With pictures excluded, copy word for word the lines in the data below from the line containing "Органы государственного управления" through the line containing "தாயை எழுப்ப முயற்சிக்கும்".

SOURCE INFORMATION –
== Segment start ==
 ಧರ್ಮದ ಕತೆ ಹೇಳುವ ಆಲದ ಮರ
== Segment end ==
== Segment start ==
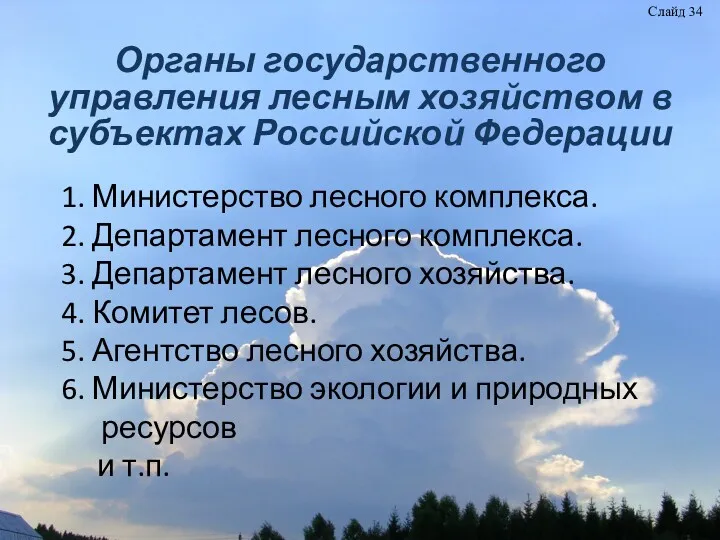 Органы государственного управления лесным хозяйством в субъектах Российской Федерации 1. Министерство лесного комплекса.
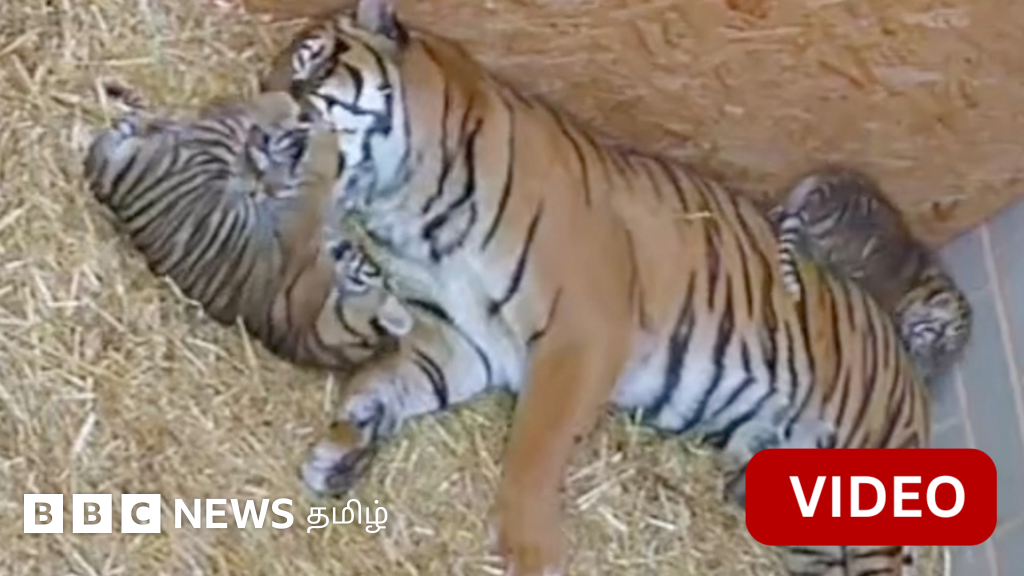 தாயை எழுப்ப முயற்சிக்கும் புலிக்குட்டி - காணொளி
== Segment end ==
REPLY –
 Органы государственного управления лесным хозяйством в субъектах Российской Федерации 1. Министерство лесного комплекса.
 தாயை எழுப்ப முயற்சிக்கும் புலிக்குட்டி - காணொளி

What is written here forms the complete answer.